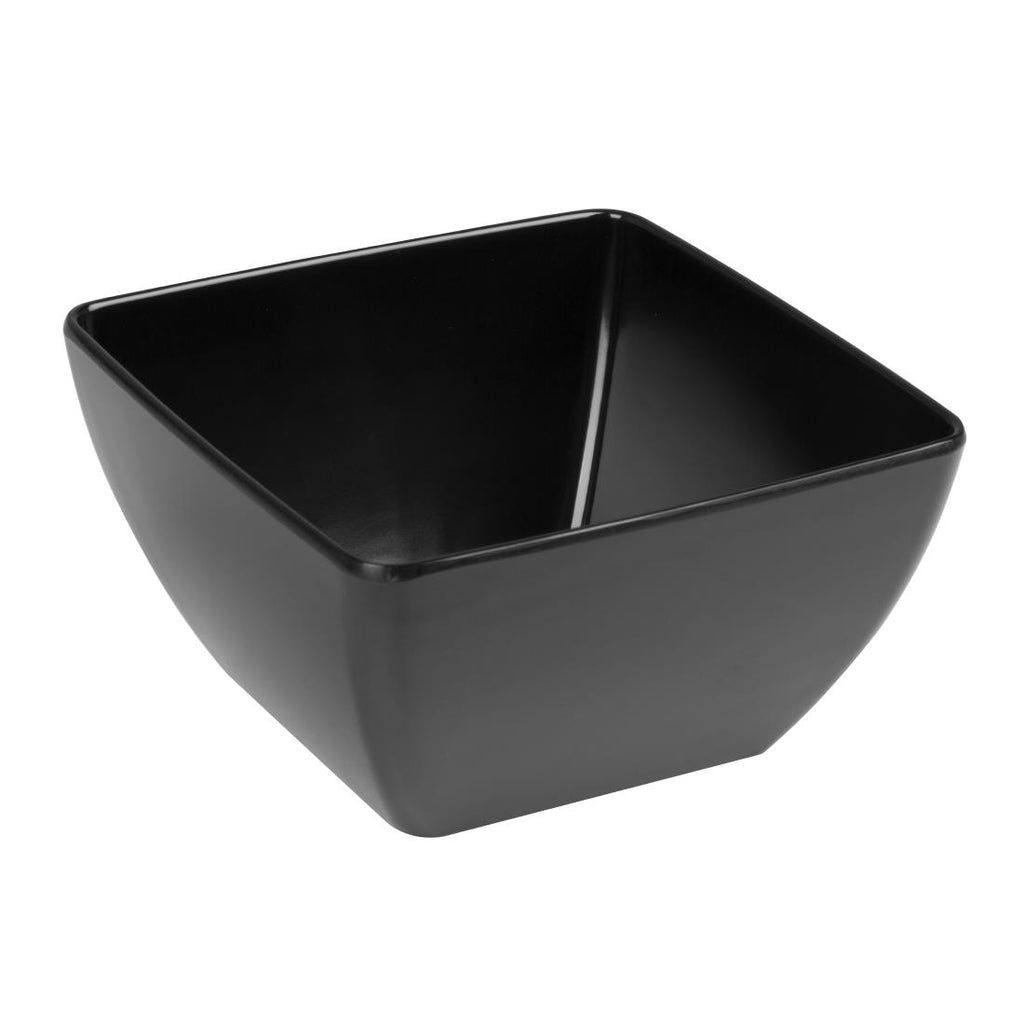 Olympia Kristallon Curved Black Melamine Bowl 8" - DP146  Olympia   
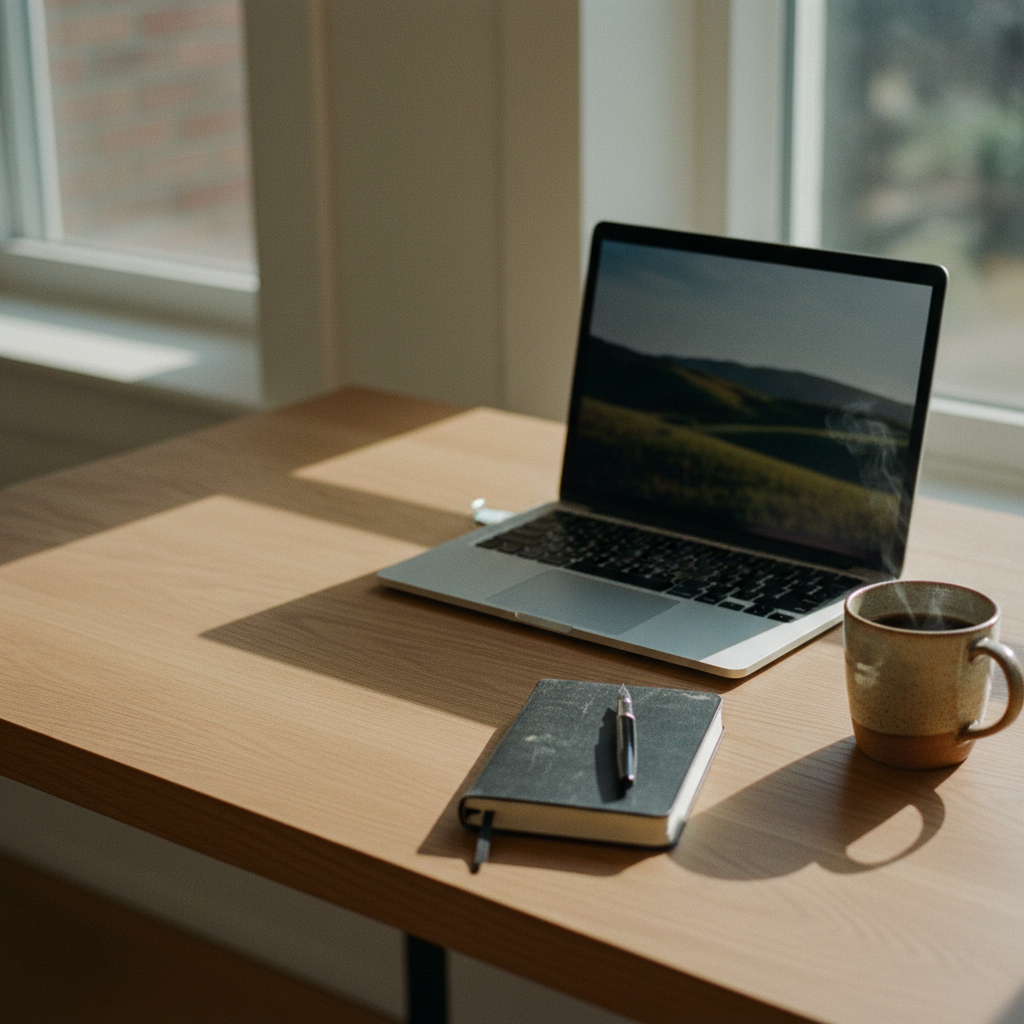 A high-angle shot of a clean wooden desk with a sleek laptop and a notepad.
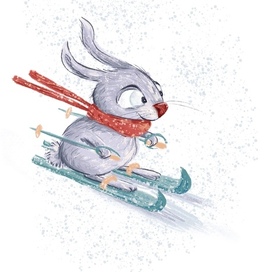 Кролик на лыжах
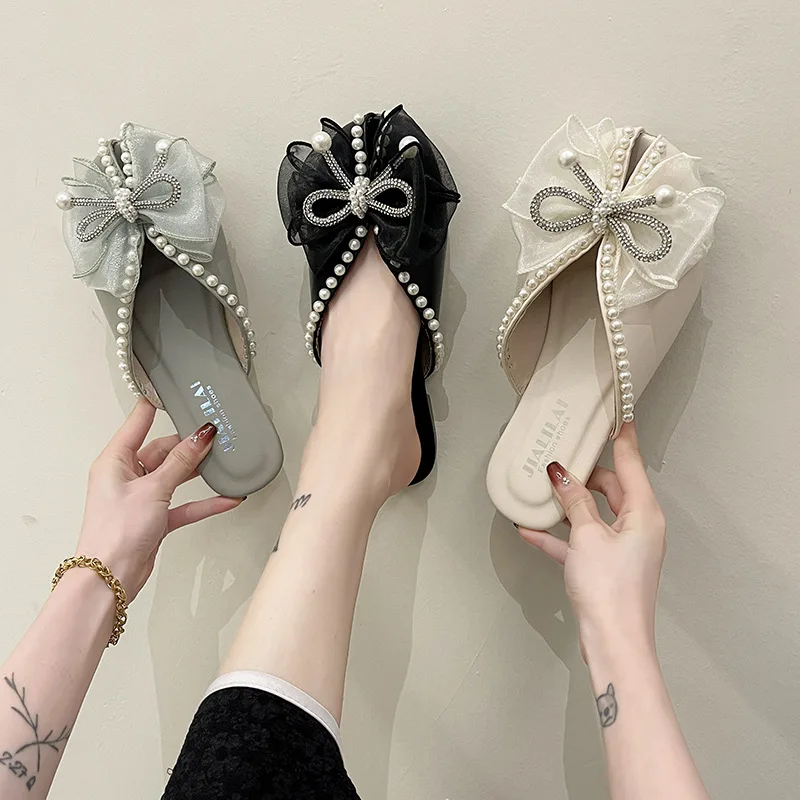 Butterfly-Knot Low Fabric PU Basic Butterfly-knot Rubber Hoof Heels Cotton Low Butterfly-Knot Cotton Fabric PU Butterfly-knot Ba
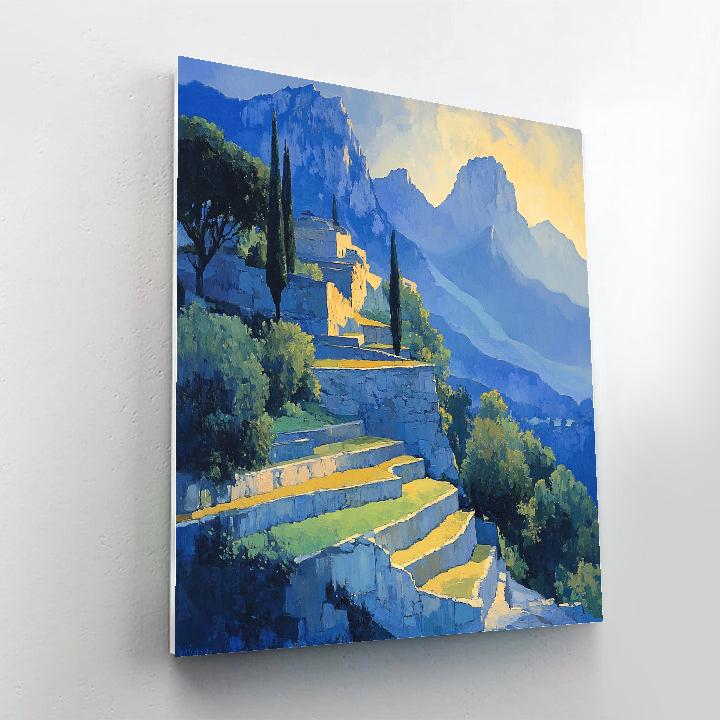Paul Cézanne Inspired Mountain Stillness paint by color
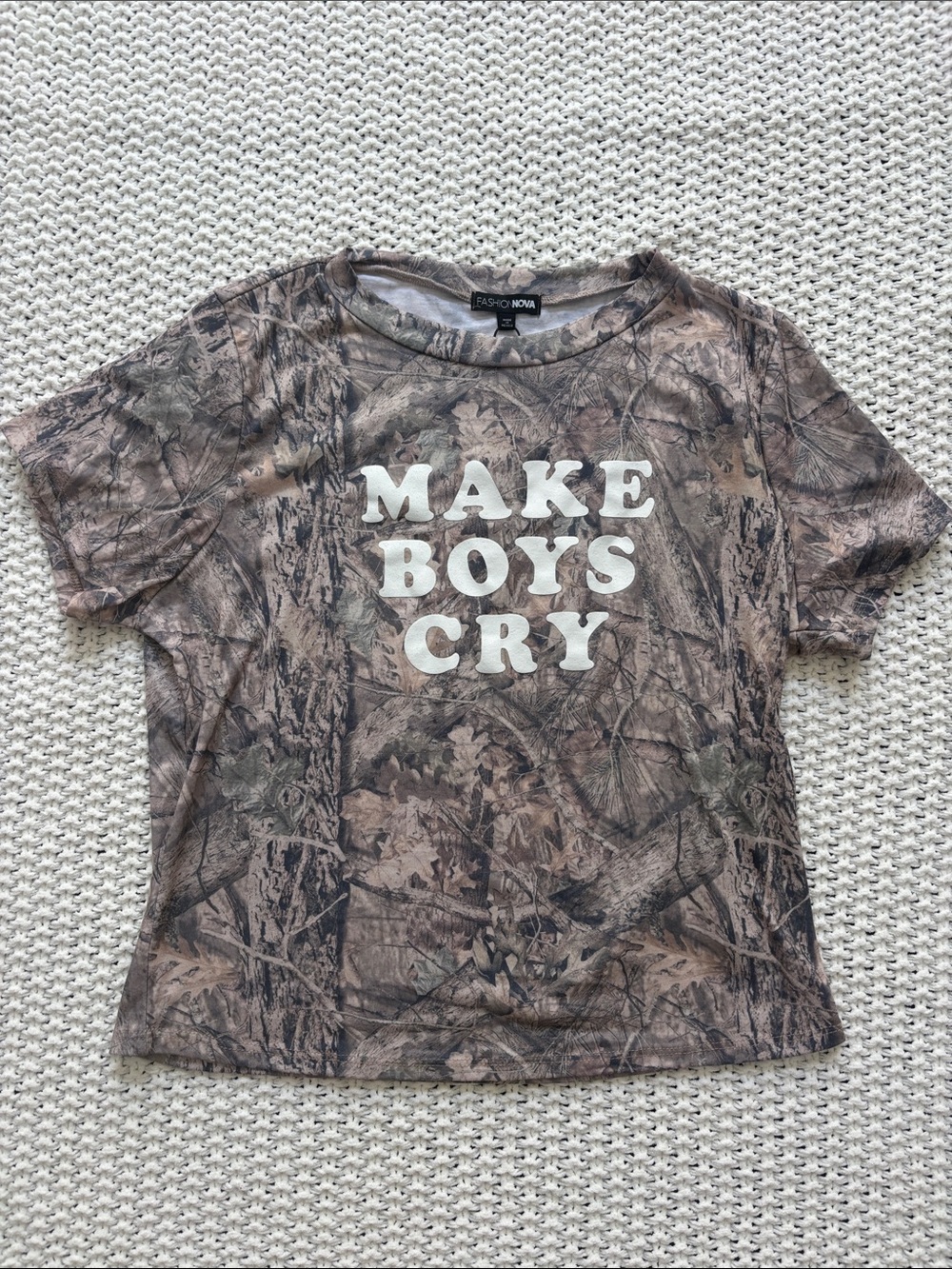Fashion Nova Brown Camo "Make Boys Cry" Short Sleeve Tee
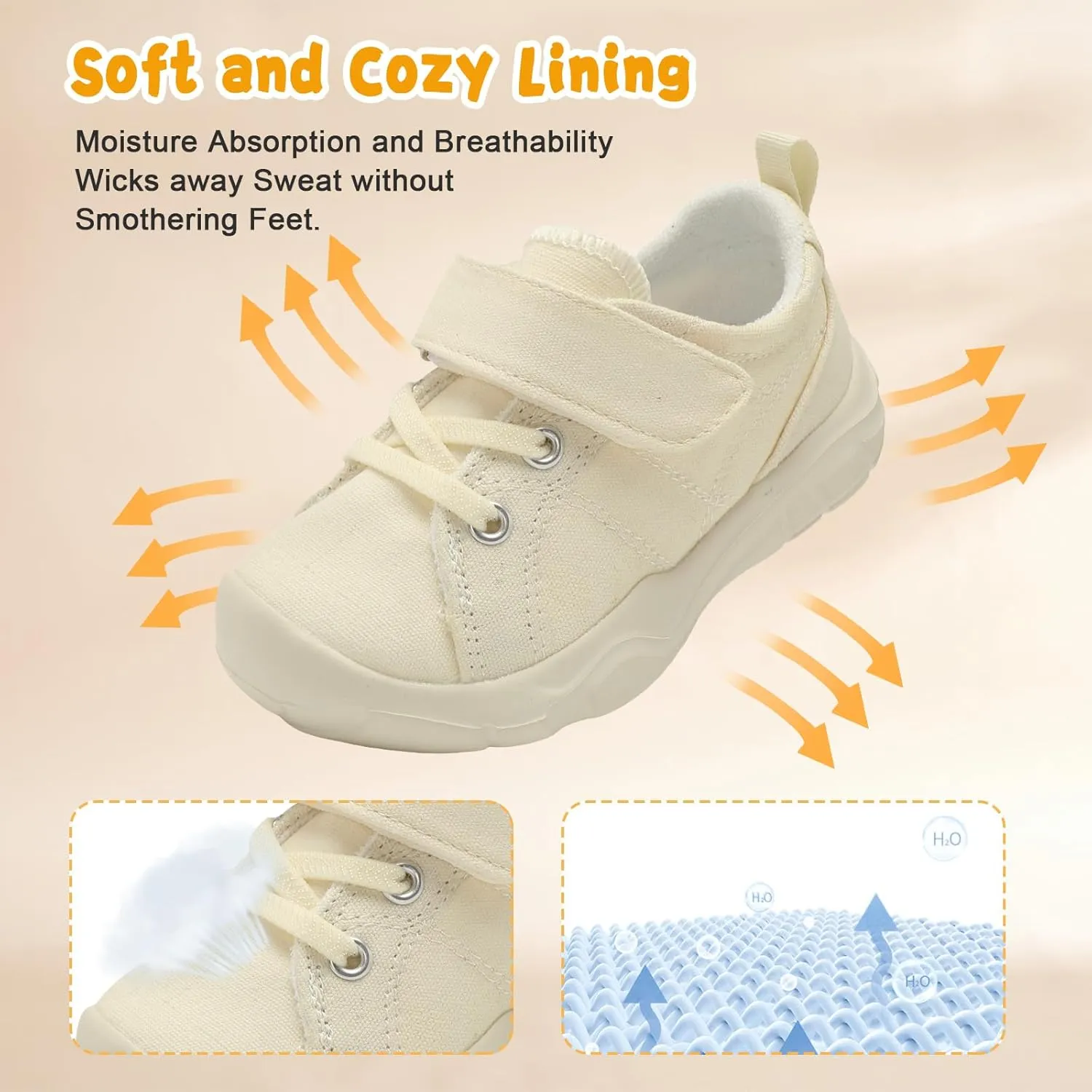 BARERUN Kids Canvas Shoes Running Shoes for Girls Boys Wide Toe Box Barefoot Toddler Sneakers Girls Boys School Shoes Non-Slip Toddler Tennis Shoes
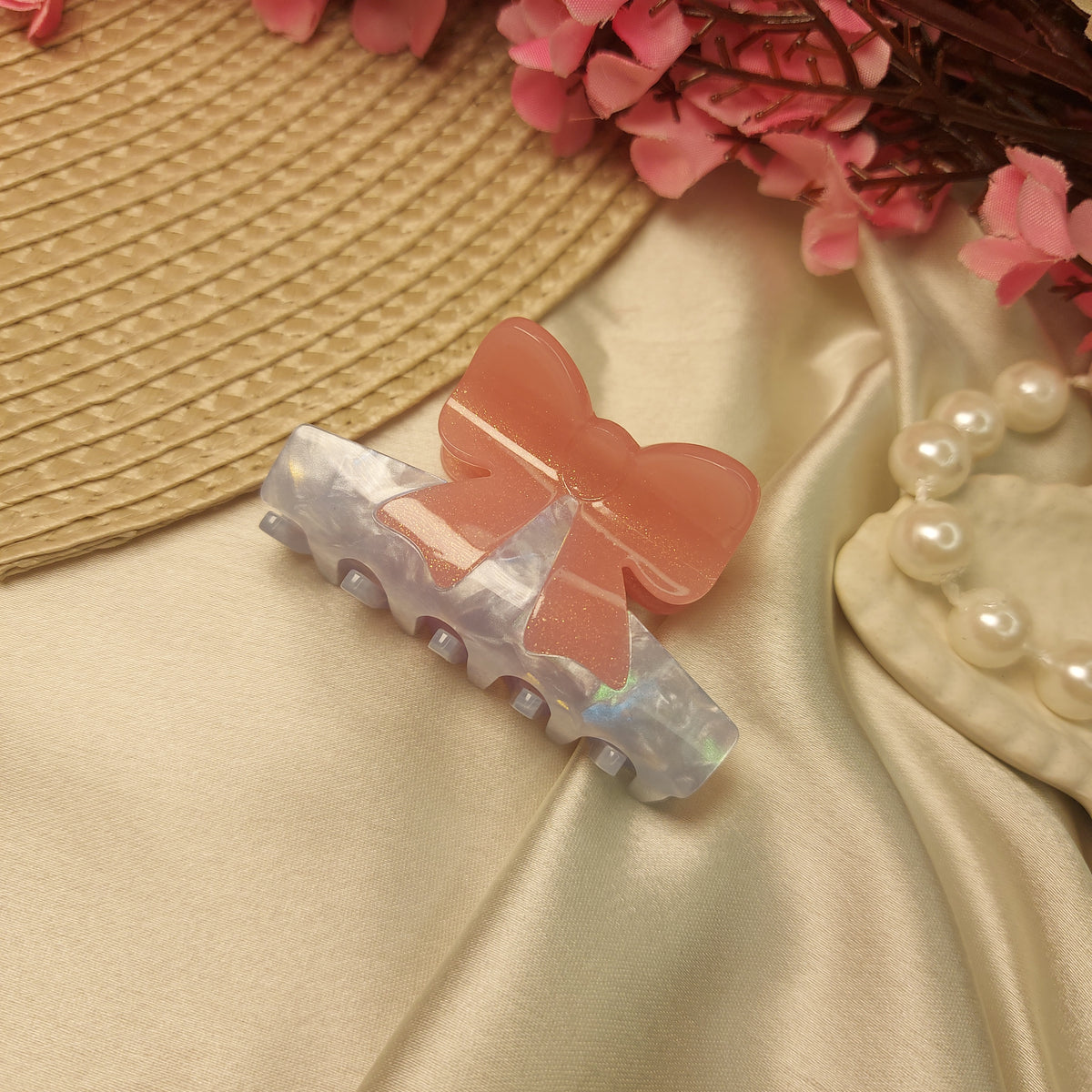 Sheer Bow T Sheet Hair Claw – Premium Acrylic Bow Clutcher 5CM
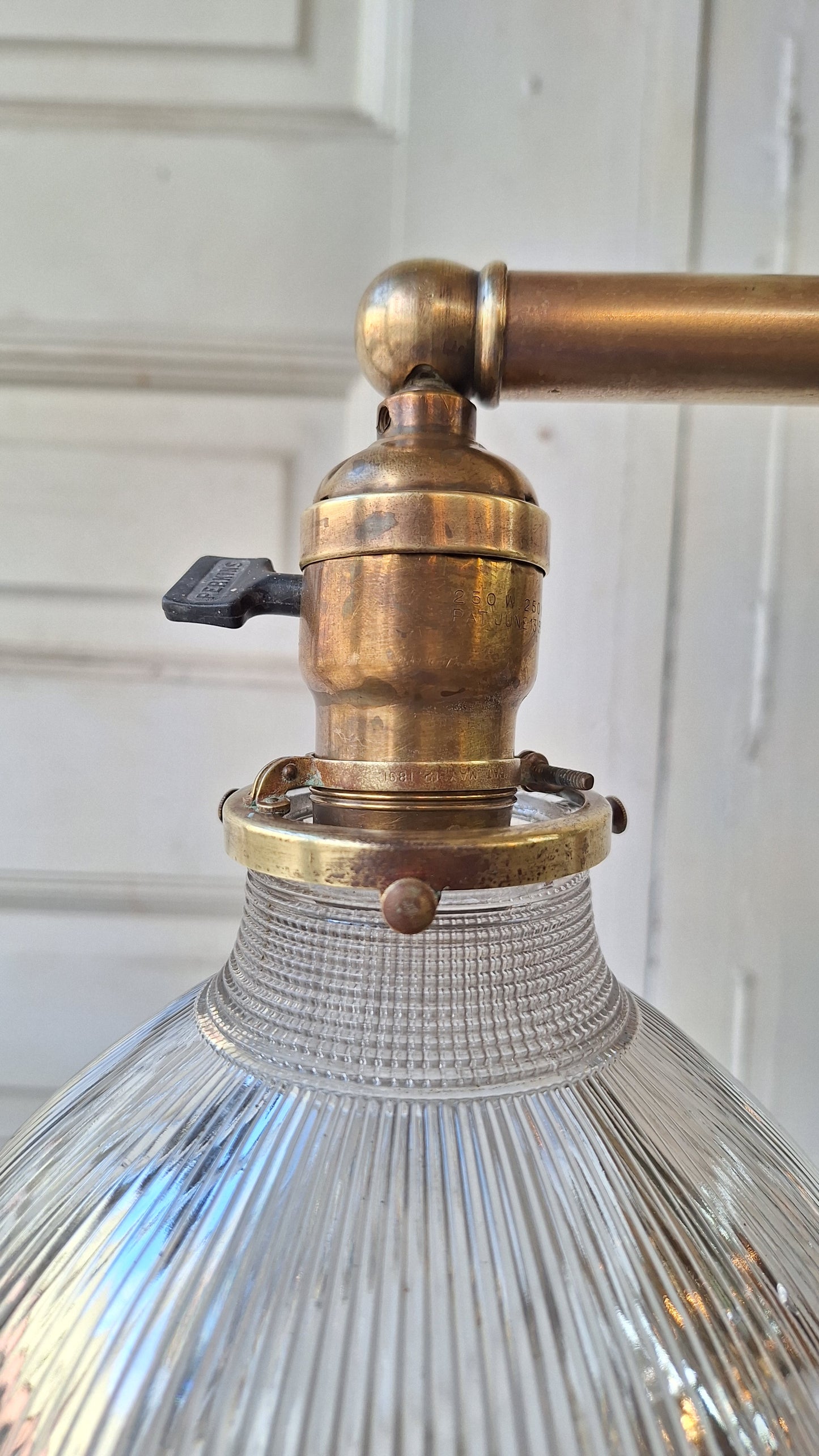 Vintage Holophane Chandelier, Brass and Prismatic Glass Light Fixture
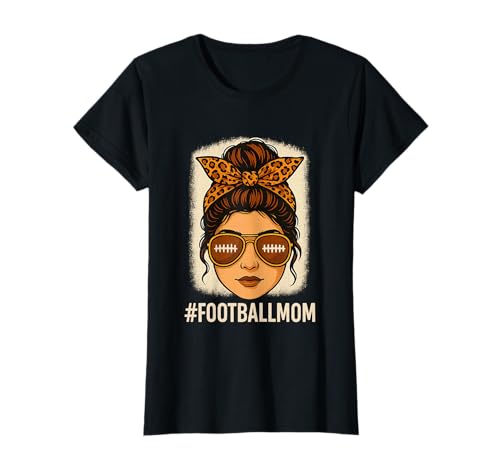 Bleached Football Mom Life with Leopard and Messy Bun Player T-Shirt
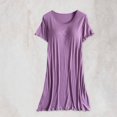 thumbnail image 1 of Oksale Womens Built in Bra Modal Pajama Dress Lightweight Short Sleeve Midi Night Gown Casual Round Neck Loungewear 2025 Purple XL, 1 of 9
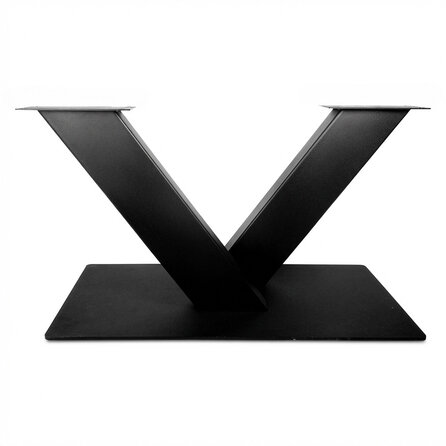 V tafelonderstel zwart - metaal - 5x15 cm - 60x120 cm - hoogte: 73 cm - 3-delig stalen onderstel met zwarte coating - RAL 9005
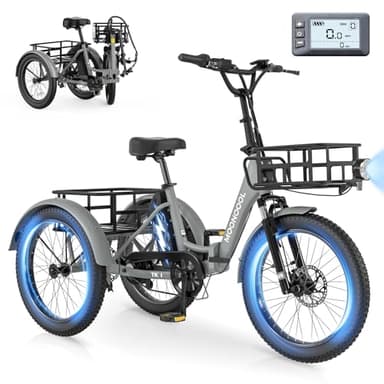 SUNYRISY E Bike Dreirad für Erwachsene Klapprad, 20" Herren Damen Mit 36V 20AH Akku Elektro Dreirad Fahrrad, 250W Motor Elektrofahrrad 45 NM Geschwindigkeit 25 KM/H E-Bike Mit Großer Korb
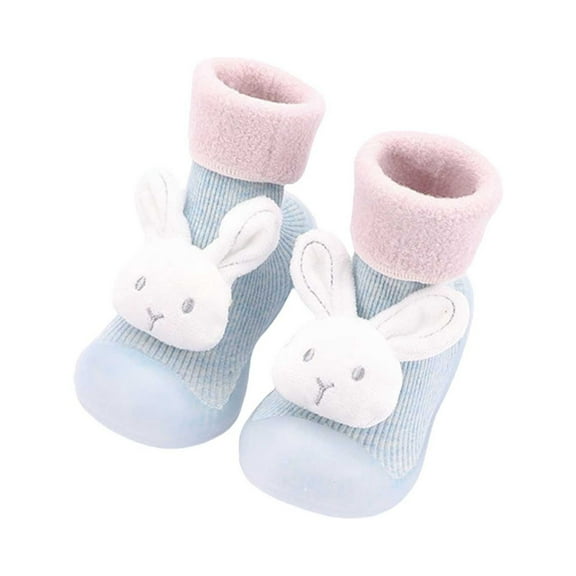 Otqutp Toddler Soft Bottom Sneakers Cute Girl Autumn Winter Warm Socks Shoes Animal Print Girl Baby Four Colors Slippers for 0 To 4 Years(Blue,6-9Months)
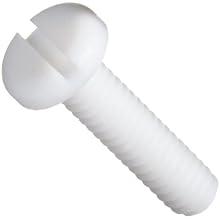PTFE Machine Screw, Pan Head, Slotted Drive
::::
Requirement: A complete and exact copy of the records is required. Exclude the pictures.

Exercise solution:
 Olympia Kristallon Curved Black Melamine Bowl 8" - DP146  Olympia   
 A high-angle shot of a clean wooden desk with a sleek laptop and a notepad.
 Кролик на лыжах
 Butterfly-Knot Low Fabric PU Basic Butterfly-knot Rubber Hoof Heels Cotton Low Butterfly-Knot Cotton Fabric PU Butterfly-knot Ba
Paul Cézanne Inspired Mountain Stillness paint by color
Fashion Nova Brown Camo "Make Boys Cry" Short Sleeve Tee
 BARERUN Kids Canvas Shoes Running Shoes for Girls Boys Wide Toe Box Barefoot Toddler Sneakers Girls Boys School Shoes Non-Slip Toddler Tennis Shoes
 Sheer Bow T Sheet Hair Claw – Premium Acrylic Bow Clutcher 5CM
 Vintage Holophane Chandelier, Brass and Prismatic Glass Light Fixture
 Bleached Football Mom Life with Leopard and Messy Bun Player T-Shirt
 thumbnail image 1 of Oksale Womens Built in Bra Modal Pajama Dress Lightweight Short Sleeve Midi Night Gown Casual Round Neck Loungewear 2025 Purple XL, 1 of 9
 V tafelonderstel zwart - metaal - 5x15 cm - 60x120 cm - hoogte: 73 cm - 3-delig stalen onderstel met zwarte coating - RAL 9005
 SUNYRISY E Bike Dreirad für Erwachsene Klapprad, 20" Herren Damen Mit 36V 20AH Akku Elektro Dreirad Fahrrad, 250W Motor Elektrofahrrad 45 NM Geschwindigkeit 25 KM/H E-Bike Mit Großer Korb
 Otqutp Toddler Soft Bottom Sneakers Cute Girl Autumn Winter Warm Socks Shoes Animal Print Girl Baby Four Colors Slippers for 0 To 4 Years(Blue,6-9Months)
PTFE Machine Screw, Pan Head, Slotted Drive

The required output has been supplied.